Les Dominicains de Bordeaux Laudare, Benedicere, Praedicare

Venez au repas des noces !
 
Le royaume des cieux est décrit comme une fête. Le royaume des cieux est semblable à un roi qui célébra les noces de son fils. A cette fête, tout le monde est invité. Personne n’est exclu.

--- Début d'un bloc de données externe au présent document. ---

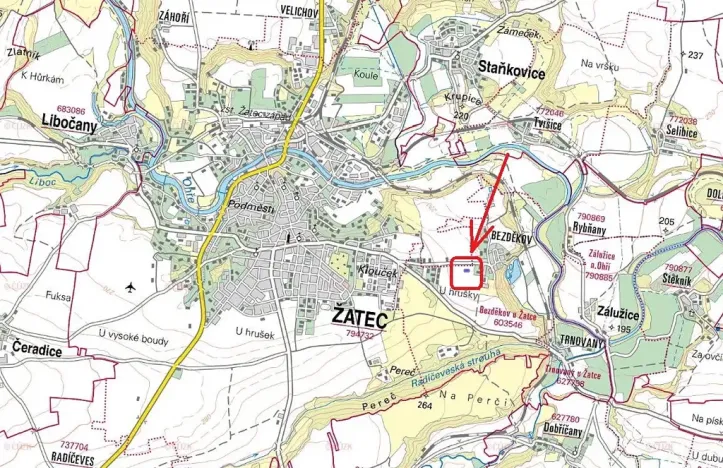Prodej pozemku pro bydlení, Žatec, Žateckých letců, 909 m2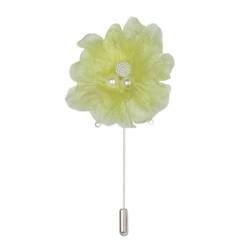 XJHHS 10 Stück 7 * 10 cm Silber Satin Blume Anstecknadel Abzeichen Blumen Corsage Satin Rose Blume/Rosen Anstecknadel Brosche Pin & Perlenanhänger von XJHHS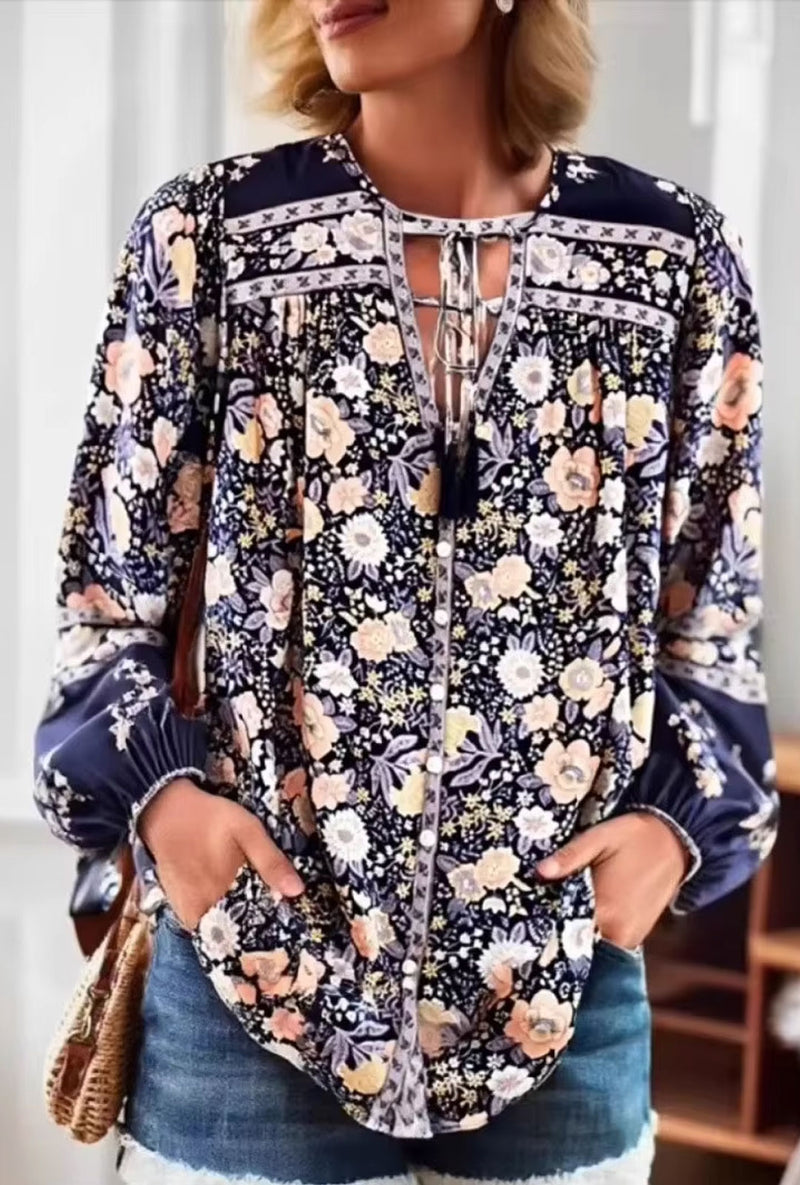 Boho Blouse – “Wild Petal” – Boho Floral Tunic Tops in Pink & Blue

Venez au repas des noces ! Ce n’est pas un simple apéritif. Encore moins un repas tiré du sac, un panier ou un plateau repas. C’est plus qu’un buffet. Une vraie fête qui a lieu dans la salle du banquet. La fête est prête, il faut venir festoyer. Le roi a dressé une table de viandes grasses et de vins capiteux, un festin de viandes succulentes et de vins décantés. Venez, manger, boire, danser. Venez, exaltez et réjouissez-vous !
C’est le roi qui invite. Ce n’est pas un roi ordinaire. A maintes reprises, il envoie ses serviteurs chercher les convives. Plusieurs fois dans la journée, il invite. Pas pour son intérêt, il se soucie de tout le monde. Et il lui en coûte d’attendre les invités. Il attend honorer ses invités, leur dire combien il est heureux de les recevoir dans la salle du banquet. Il fait venir à lui, les bons comme les mauvais. Ce roi étonnant, plein de bonté, qui offre la fête à tous, c’est Dieu. Un Dieu toujours là, qui invite inlassablement, qui renouvelle sans cesse son alliance. Son amour.
Venez au repas des noces. Dieu appelle toujours pour purifier, relever, sauver. Dieu veut introduire tous les hommes au bonheur. Il appelle quiconque pour ce bonheur offert. Dieu nous invite à la fête, mais hélas, certains préfèrent leurs occupations que de venir à la fête. Les invités ne veulent pas venir. Invitation faite, mais non reçue. Des invités encrés dans la routine de leur vie. Sans avoir le courage d’en sortir.  Le roi ne se décourage pas pour autant. Dieu ne désespère pas. Les portes restent ouvertes. Alors il en invite d’autres. Il invite largement. Une invitation renouvelée. Dieu invite, Dieu appelle.  Il a tout préparé pour recevoir ses invités. Dieu propose de partager sa joie.
Comment expliquer que les invités à un tel festin se permettent de dédaigner l’invitation ? L’invitation du roi ne fait pas le poids par rapport aux occupations et aux préoccupations habituelles des invités. Un s’en va à son champ, un autre à son commerce.  Ils préfèrent rester à leurs occupations habituelles.
Belle image ces noces. Dieu, semblable à un roi qui invite. Les invités ne demandent rien. C’est le roi qui vient à eux. Mais, et nous, comment nous accueillons l’invitation qui nous est faite par le Seigneur ?  Invitation à nous laisser déplacer, pour être avec lui. Invitation à la joie. Comment est-ce que nous répondons ? Qu’est-ce qui passe en premier ? Quelles sont les raisons pour décliner l’invitation ? Qu’est-ce qui résiste en nous jusqu’à soulever la colère de Dieu ?
Notre routine, c’est ce que nous savons gérer. C’est là où nous sommes des maîtres. Nous préférons souvent l’étroitesse de notre routine à une nouveauté qui est pour nous comme quelque chose d’inconnu. Et c’est bien là le défi du royaume de Dieu. Accepter l’invitation du seigneur, partager son intimité, c’est comme se jeter dans un univers dans lequel nous n’avons aucune prise. C’est partir dans l’inconnu. Et dans cet inconnu de l’amour, nous sommes encore une fois dans le royaume de la grâce.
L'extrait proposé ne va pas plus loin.